Boucher & Jones — Knowledge Base

Durable reference for BJ business, platform, and engagement context.

Concept: Beef finishing propane load profile

op-beef-finishing-propane-load-profile
operational-concept service-catalog
audiences: agriculture, fleet-commercial, internal-team
topics: fuel-delivery-ops, propane, dyed-diesel, ag-livestock
updated: 2026-05-14

Confidence: Estimated (volumes); Verified (fuel-mix structure, BFO operator profiles, OMAFRA fact sheets).

Operational reference for propane consumption on Ontario beef finishing operations.

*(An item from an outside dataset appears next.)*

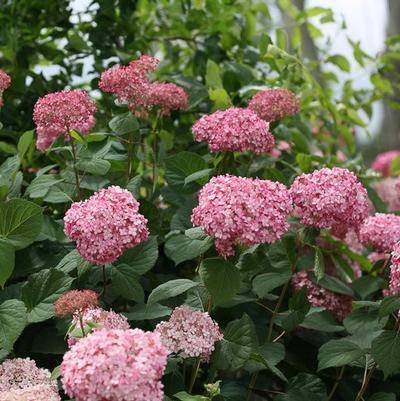 Hydrangea arborescens Invincibelle® Spirit II PP28316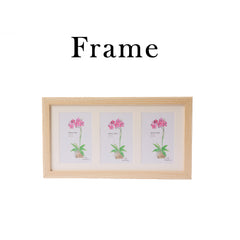 Cactus Image Frame – Add a Touch of Green Charm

Beef finishing is the smallest livestock propane consumer per head among the four sectors — but the dominant fuel is dyed (coloured) farm diesel, and the cross-sell economics matter materially.

Heat uses

Limited to:

  • Office and shop space heat
  • Hot water for the wash bay
  • Freeze protection on water systems

Ontario beef finishing barns are overwhelmingly cold-deck, naturally-ventilated, open-front structures. Closed and heated finishing barns are the exception, not the rule.

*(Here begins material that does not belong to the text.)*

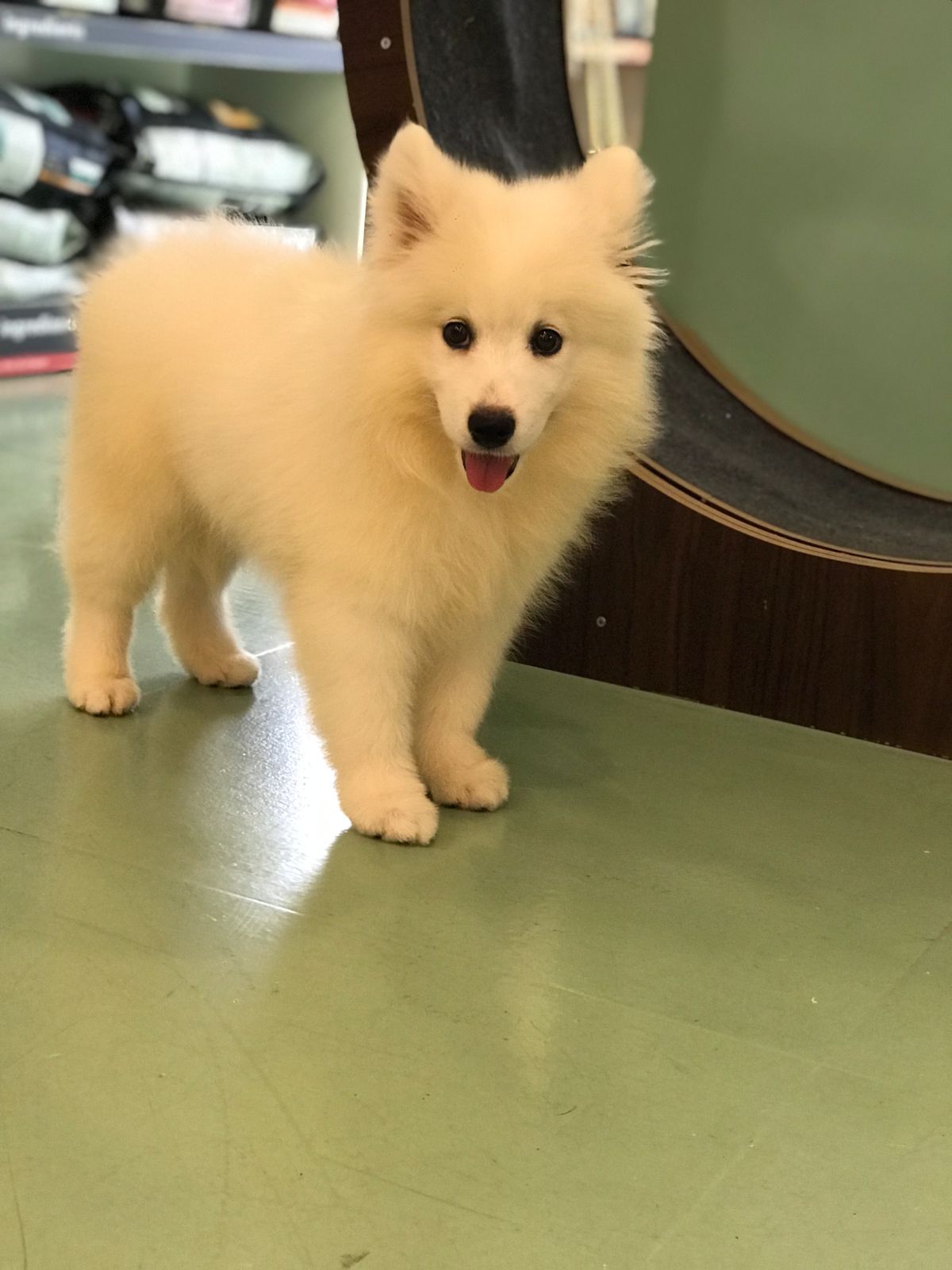 Samoyed Female Puppy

Fuel mix — diesel dominates

The dominant fuel on a beef finishing operation is diesel, not propane:

  • TMR mixer wagons
  • Skid-steers
  • Feed trucks
  • Manure spreaders
  • Loader fleet

Typical 1,500-head finishing operation

  • Propane: 5,000–15,000 L/yr (office, shop, freeze protection only)
  • Dyed (coloured) diesel: 100,000+ L/yr

The propane account is small; the diesel relationship dictates which supplier makes operational sense for both. The cross-sell story for SW Ontario beef finishing is coloured diesel — bundle propane onto an existing diesel relationship rather than the other way around.

Geography

Finishing concentration in Bruce, Grey, Huron, Perth counties — see reference-ontario-beef-finishing-snapshot-2026 for the full sector profile.

Sources

Beef Farmers of Ontario (ontariobeef.com); BFO operator profiles; OMAFRA beef finishing fact sheets.